Weather icons inside silhouetted heads (Figure 4) were seen as more specific to mental health than weather icons alone. An early version of the icon to represent “likely healthy” that used a rainbow was replaced by a sun because a participant pointed out that rainbows appear after a storm has passed, which would add an additional, unintended layer of meaning.

The box-carrying figures we used to illustrate caregiver burden were easily understood and evocative of the caregiving experience: “Como dicen en mi país, más claro de ahí no canta un gallo. [Like we say in my country, not even a rooster crows more clearly than that.]” (Group 4, Figure 2); “It is a good reflection of burden because . . . it actually shows that the more burden you have, the more overloaded you are” (Group 6, Figure 2). Some participants preferred a version in which the figures were placed along a steep slope but we retained the steps shown in Figure 2 as a better reflection of the changes and plateaus inherent to dementia:

“I think this one represents it better because this one goes in steps. It’s going up in steps and that happens because they will move from one place to another. So, you could be okay for a while and then you get to a step and it’s like it changes, and you say to yourself ‘Now what are we doing today? Things have changed overnight! They have changed and now she is not doing this.’” (Group 5, Figure 2)

In the prototype design of caregiver reactions to the care recipient’s behavior patterns, we needed to illustrate behavioral domains. The brain with a question mark to represent memory (Figure 6) was preferred over a hand with a string tied in a bow around one finger because the latter was considered old-fashioned. For depression, we used the head-in-hands figure instead of an icon of an eye with teardrops because the latter reminded one participant of gang tattoos (Phelan & Hunt, 1998). Some participants pointed out that some disruptive behaviors are nonverbal but they agreed that the shouting head was still comprehensible as a representation of both verbal and nonverbal disruptive behaviors.

Consistency With Viewers’ Frames

Caregivers viewed all the designs through the frame of the inevitable decline of the person with dementia; they operated under the assumption that situations were dynamic, and getting worse:

“Aquí empezó . . . estaba todavía mejor. Pero aquí va avanzando la enfermedad y aquí ya es cuando . . . [This is where it started . . . it was still better. But here the disease advances and this is when . . .]” (Group 1, Figure 1)

“Empeorando. De la salud, de los problemas, discusiones, de conflictos, de la responsabilidad que uno tiene. Son demasiados y yo me las he tomado personal yo. [Worsening. With respect to health, problems, discussions, conflicts, with the responsibility that one has. They’re too much and I’ve taken them personally, I have.]” (Group 1, Figure 4)

This perception was most evident when participants evaluated a design intended to depict the care recipient’s change in cognitive functioning compared to 10 years ago. For each question in the IQCODE, the caregiver rates the recipient as “much better” (coded as 1) to “no change” (coded as 3) to “much worse” (coded as 5); the responses are then averaged (Jorm & Jacomb, 1989).
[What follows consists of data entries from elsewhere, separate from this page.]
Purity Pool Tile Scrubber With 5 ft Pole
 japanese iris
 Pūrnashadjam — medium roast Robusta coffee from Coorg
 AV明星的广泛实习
Participants struggled to make sense of the design and were prone to reject the entire premise because:

“Eso no existe, eso no existe. En 10 años eso no existe, el ‘mucho mejor’ . . . la palabra ‘mejor’ no existe en demencia. [That doesn’t exist, that doesn’t exist. In 10 years that doesn’t exist, ‘much better’ . . . the word ‘better’ doesn’t exist in dementia.]” (Group 2, Figure 7a)

“It doesn’t get better and that’s what I tell them. It doesn’t get better.” (Group 5, Figure 7b)

Figures 7.

Figures 7.

(a, b) Scores on the Informant Questionnaire on Cognitive Decline in the Elderly (IQCODE) can range from 1 (“much better”) to 5 (“much worse”) as shown in panel a but caregivers rejected the notion of improvement to the point of incorrectly interpreting values between 1 and 3 as signaling the beginning of inevitable decline. The truncated version shown in panel b was preferable and interpreted correctly despite the nonideal 3–5 scaling.
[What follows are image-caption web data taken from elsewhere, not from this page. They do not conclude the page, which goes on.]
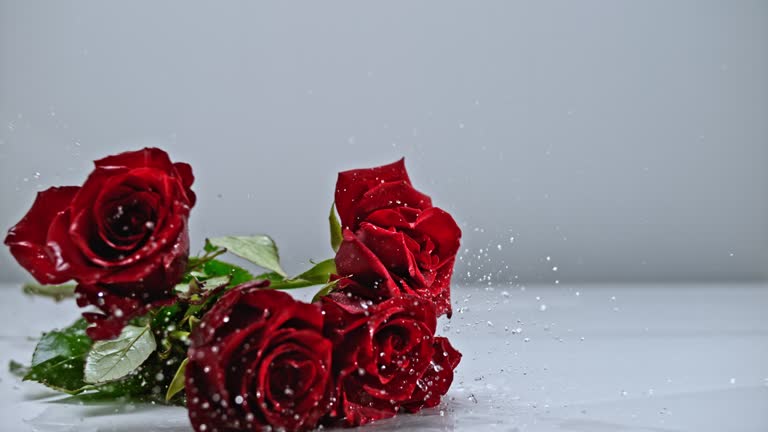SLO MO LD Red roses falling onto white marble floor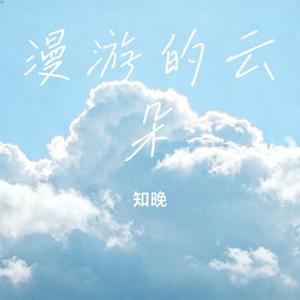漫游的云朵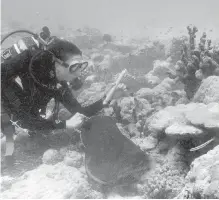  ??  ?? Researcher­s found erosion of the sea floor around coral reefs that, combined with sea rise, means the hazards facing coasts will likely be worse than now projected.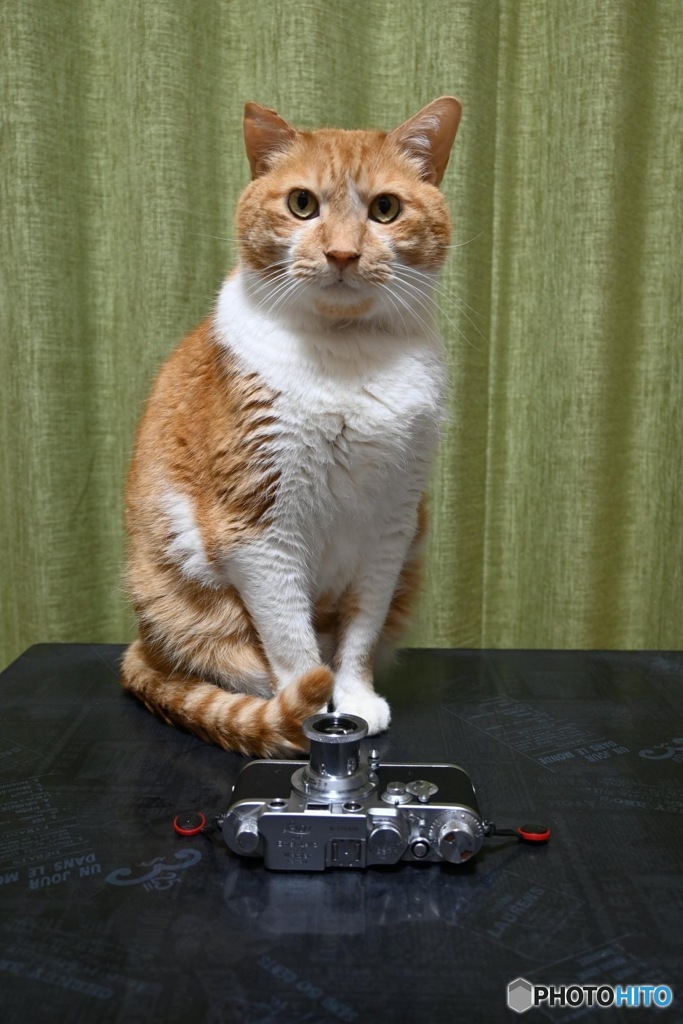 Leicaと猫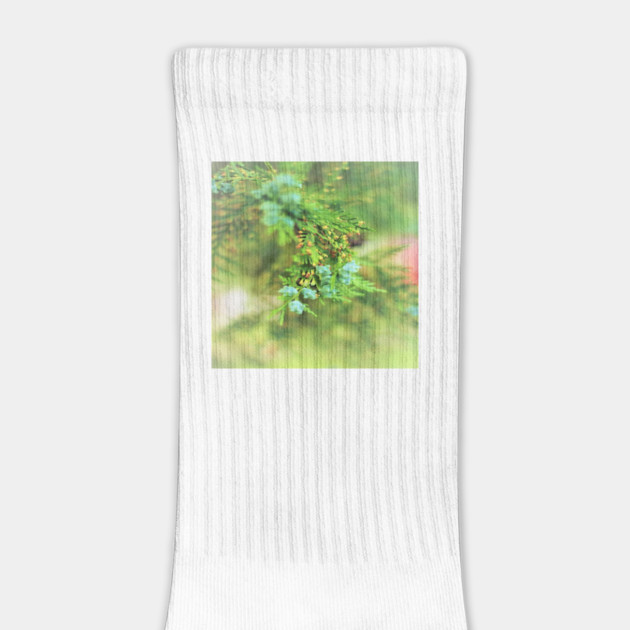 Fresh Greenery and Plant Life- Pine tree, plants, bokeh background by BirdsnStuff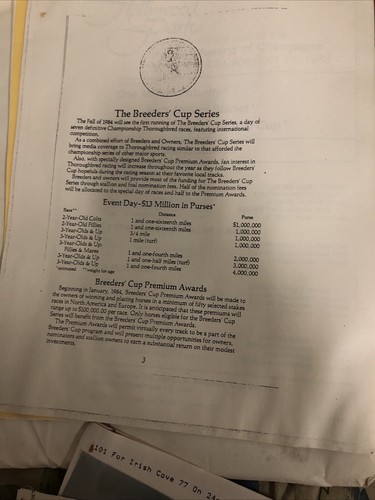 Equinox Bloodstock Information Race Horses Meneval Information And Breeding Info - Picture 11 of 24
The scaling was so counterintuitive to participants that some ignored the labeling that conflicted with their frame and instead saw 1.0 as representing the beginning of decline, as evidenced by the response of a participant who was asked to interpret the meaning of a score of 2.2 (i.e., “somewhat better”): “2.2 no está enfermo, pero tampoco está muy bien. [2.2 means he isn’t sick, but he’s not very good either.]” (Group 2, Figure 7a). Participants’ preferred solution was to truncate the scale so as to only show 3.0–5.0. Although such a scale would serve for most cases, the full scale would be needed to display uncommonly low (i.e., favorable) scores.
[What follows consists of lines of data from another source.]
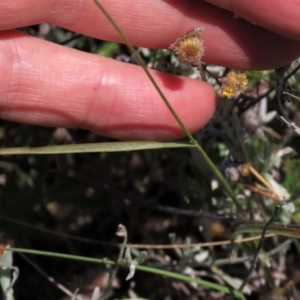 Enneapogon nigricans at Dry Plain, NSW - 14 Mar 2022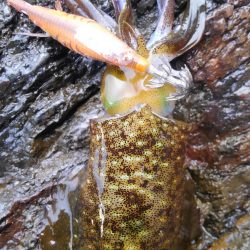 久々300g アップ⤴⤴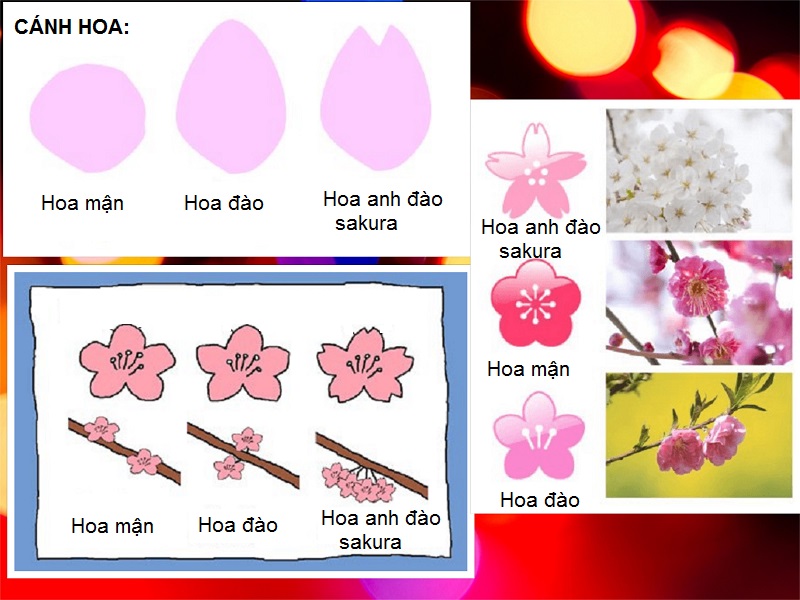 Tả Hoa Anh Đào Gallery 1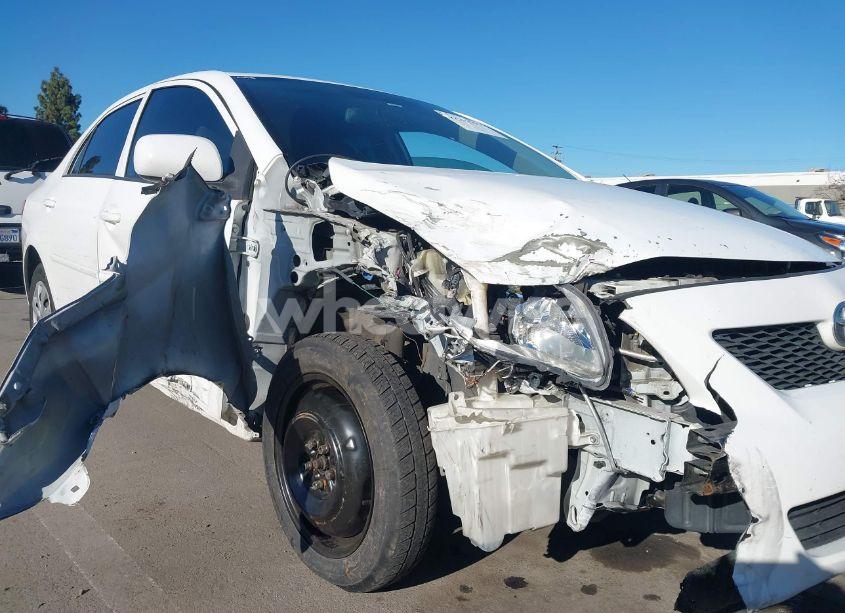 Photo 6 of 2010 Toyota Corolla LE (VIN 1NXBU4EE9AZ294271)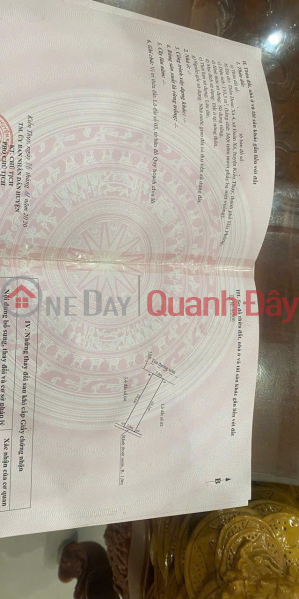 BÁN LÔ ĐẤU GIÁ ĐOÀN XÁ – GIÁ HIẾM KHU VỰC, ĐƯỜNG 6M, 4 ĐƯỜNG THÔNG ZALO 0567 222 555 Niêm yết bán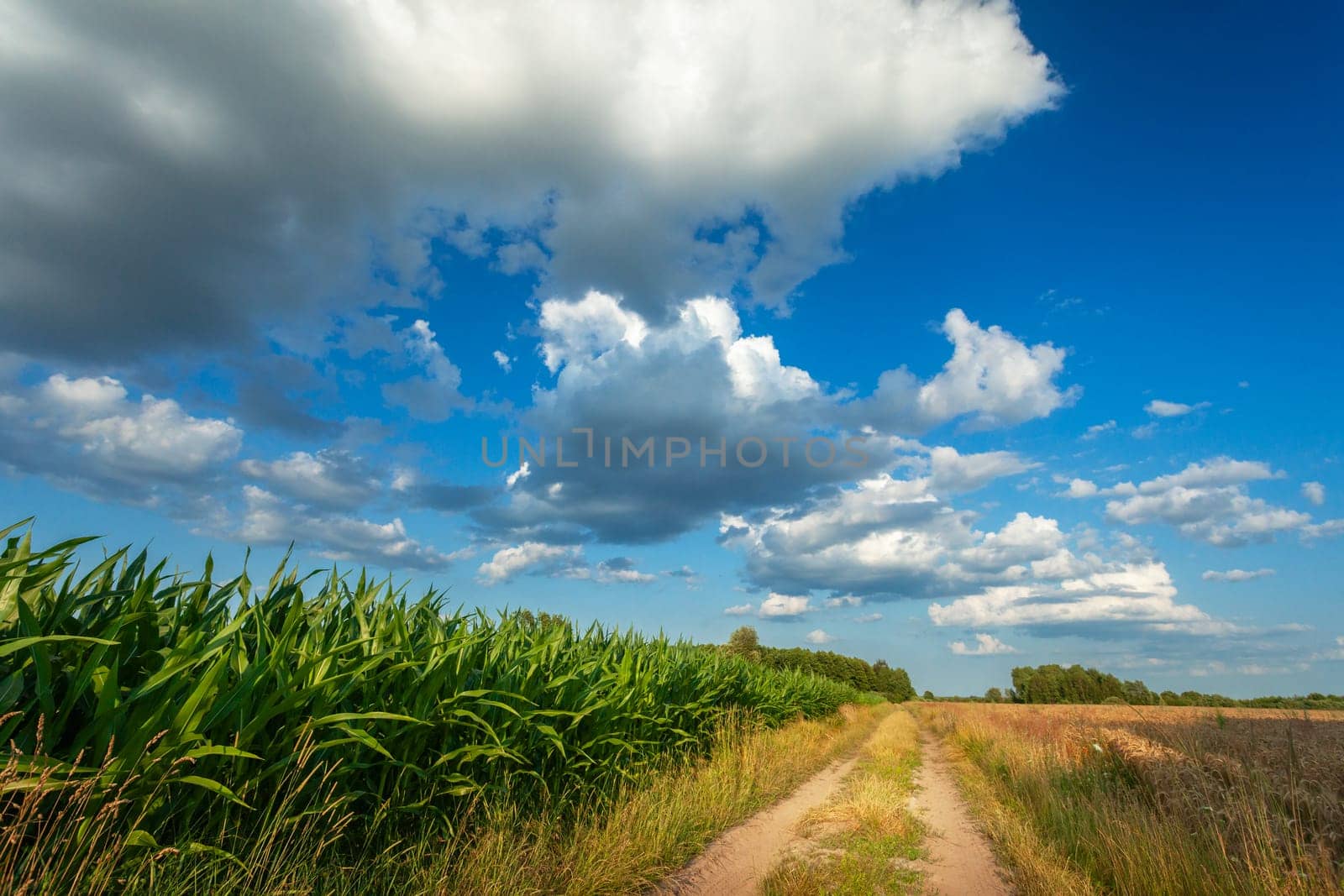 A dirt road next to a cornfield and small clouds in a summer sky by darekb22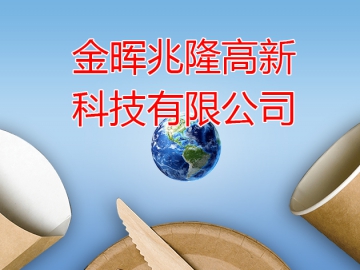 金暉兆?。恨D型升級的參與者、見證者和建設者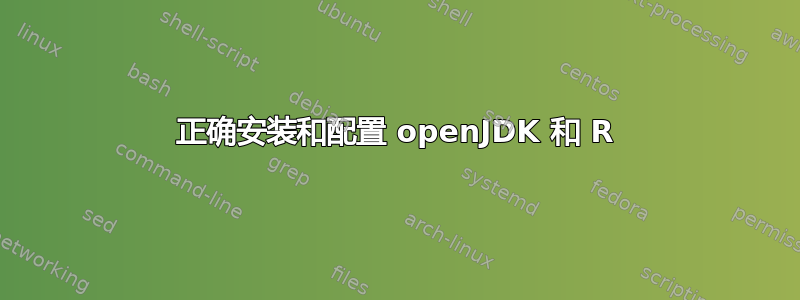 正确安装和配置 openJDK 和 R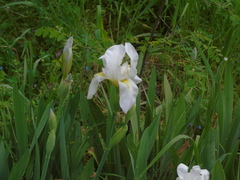 Iris albicans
In order for designs to be consistent with the frame of inevitable decline, participants requested that scales be presented consistently with “good” values on the left and “bad” values on the right leading us to flip the scaling for the Pearlin Self-Mastery for which high values originally indicated high self-mastery. The exception was overall health because numbers should logically increase from left to right and 100 is a better anchor for “best possible health” than 0.

It was clear when designs were consistent with participants’ frames because they spontaneously identified with the images and made self-assessments:

“Yo diría que la mía está en 90. Y no digo 100 porque tengo tantos problemas de dolores en la espalda y en mi cuerpo entero. [I would say that mine is at 90. And I don’t say 100 because I have so many problems with pains in my back and in my whole body.]” (Group 4, Figure 1)

“A veces yo también me he identificado con esta nube. [At times I, too, have identified with this cloud]” (Group 1, Figure 4)

The readiness with which participants assessed themselves in response to the infographics suggests that graphically enhanced survey questions would be useful and engaging for data collection:

“Bueno, a mí me pareció más interesante así con gráfica que con cuestionario, porque se interactúa una y otra. [Well, it seemed more interesting to me like this with graphics than with a questionnaire, because they interact with one another.]” (Group 4, general comment)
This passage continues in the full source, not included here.